[[ LISTED ENTRIES open ]]
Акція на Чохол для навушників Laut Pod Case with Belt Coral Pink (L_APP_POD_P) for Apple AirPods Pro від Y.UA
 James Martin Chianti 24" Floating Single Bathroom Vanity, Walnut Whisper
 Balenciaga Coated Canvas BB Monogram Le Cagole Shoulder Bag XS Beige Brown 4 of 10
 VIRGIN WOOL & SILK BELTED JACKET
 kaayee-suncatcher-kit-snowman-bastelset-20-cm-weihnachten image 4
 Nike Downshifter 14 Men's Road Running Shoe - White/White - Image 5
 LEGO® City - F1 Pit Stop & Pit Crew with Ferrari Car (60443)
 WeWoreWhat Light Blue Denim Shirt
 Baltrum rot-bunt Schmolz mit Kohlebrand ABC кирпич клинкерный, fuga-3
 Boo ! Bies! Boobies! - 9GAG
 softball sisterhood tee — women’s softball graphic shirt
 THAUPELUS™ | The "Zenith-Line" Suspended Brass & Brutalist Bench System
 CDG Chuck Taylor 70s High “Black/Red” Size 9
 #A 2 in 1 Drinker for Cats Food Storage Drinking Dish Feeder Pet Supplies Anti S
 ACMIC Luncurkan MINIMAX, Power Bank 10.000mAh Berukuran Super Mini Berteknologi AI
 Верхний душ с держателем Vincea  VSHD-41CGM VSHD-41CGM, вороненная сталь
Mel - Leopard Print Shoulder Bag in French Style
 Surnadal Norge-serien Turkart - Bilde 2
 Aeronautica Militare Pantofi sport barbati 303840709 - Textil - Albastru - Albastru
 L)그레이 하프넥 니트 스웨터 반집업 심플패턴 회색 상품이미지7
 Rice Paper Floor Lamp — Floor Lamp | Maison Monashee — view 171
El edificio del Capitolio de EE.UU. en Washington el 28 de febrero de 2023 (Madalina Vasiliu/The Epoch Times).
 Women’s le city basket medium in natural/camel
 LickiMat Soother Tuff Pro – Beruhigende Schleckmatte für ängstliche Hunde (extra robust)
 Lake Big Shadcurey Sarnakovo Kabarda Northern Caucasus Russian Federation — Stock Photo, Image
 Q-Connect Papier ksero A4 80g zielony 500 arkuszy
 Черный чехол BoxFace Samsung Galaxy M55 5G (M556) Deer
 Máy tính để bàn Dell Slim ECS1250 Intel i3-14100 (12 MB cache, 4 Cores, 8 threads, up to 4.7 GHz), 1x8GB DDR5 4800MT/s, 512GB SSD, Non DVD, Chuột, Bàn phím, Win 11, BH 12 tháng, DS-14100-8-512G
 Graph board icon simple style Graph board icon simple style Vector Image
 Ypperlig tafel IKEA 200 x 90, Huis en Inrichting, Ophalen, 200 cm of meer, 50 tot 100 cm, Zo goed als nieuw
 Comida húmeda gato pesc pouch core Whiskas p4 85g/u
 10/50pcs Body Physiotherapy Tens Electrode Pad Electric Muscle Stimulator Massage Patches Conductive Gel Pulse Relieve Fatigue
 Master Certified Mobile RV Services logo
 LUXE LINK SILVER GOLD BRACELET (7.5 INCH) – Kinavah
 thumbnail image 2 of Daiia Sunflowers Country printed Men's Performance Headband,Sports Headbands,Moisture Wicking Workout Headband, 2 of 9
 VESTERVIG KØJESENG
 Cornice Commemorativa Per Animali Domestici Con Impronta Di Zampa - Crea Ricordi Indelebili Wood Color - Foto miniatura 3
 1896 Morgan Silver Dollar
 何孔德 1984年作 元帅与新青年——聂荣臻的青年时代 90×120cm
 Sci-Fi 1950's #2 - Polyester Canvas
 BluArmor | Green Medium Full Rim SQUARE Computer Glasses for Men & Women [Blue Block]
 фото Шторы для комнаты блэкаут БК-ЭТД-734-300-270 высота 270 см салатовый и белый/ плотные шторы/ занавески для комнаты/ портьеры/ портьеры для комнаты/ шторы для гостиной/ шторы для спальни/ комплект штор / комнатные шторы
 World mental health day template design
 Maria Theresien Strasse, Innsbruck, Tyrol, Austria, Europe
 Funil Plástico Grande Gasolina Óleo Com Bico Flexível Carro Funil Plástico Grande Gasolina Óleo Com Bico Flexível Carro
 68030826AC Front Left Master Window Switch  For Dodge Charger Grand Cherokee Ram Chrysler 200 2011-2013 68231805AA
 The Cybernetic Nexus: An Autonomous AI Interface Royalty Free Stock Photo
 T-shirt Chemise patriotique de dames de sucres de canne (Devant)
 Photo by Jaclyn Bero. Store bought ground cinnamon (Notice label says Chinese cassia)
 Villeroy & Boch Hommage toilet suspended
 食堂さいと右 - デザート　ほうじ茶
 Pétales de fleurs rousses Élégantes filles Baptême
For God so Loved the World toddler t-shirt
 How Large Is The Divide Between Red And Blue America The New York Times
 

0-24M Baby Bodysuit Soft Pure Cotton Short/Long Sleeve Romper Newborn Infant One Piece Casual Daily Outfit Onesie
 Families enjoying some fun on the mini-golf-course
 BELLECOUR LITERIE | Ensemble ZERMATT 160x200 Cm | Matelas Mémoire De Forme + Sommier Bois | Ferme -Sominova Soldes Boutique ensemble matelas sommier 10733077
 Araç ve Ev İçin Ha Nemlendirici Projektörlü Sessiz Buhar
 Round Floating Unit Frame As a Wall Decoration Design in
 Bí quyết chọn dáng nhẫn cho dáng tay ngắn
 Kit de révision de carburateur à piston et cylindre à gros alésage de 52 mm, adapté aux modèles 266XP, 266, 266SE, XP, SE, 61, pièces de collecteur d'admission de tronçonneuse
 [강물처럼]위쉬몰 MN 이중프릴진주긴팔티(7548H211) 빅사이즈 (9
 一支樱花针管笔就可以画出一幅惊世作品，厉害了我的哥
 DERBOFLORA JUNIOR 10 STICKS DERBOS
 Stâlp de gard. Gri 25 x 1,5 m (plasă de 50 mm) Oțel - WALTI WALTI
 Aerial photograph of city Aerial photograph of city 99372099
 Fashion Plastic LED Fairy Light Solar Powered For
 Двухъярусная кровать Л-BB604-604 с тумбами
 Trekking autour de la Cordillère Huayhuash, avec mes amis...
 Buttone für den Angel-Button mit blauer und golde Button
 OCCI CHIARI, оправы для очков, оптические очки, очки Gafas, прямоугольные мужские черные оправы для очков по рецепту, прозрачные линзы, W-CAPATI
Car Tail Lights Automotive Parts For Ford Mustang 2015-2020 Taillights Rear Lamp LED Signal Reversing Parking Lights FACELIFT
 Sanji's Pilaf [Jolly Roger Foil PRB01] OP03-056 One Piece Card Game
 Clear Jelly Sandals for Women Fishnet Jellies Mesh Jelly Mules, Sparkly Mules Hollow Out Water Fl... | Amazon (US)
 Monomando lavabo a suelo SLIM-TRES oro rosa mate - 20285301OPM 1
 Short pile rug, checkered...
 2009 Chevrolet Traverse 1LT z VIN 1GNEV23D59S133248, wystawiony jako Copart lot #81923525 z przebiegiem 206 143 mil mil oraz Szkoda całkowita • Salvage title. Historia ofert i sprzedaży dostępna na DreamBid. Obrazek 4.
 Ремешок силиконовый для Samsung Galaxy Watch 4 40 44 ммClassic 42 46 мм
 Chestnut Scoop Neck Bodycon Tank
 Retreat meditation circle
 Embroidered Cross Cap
[[ LISTED ENTRIES closed ]]
#### [PROBLEM TO WORK ON]
Look through the data above and return exactly the lines from the one that contains "Q-Connect Papier ksero" to the one that contains "Черный чехол BoxFace", inclusive, with nothing else.

#### [RESULT OF THIS TASK]
 Q-Connect Papier ksero A4 80g zielony 500 arkuszy
 Черный чехол BoxFace Samsung Galaxy M55 5G (M556) Deer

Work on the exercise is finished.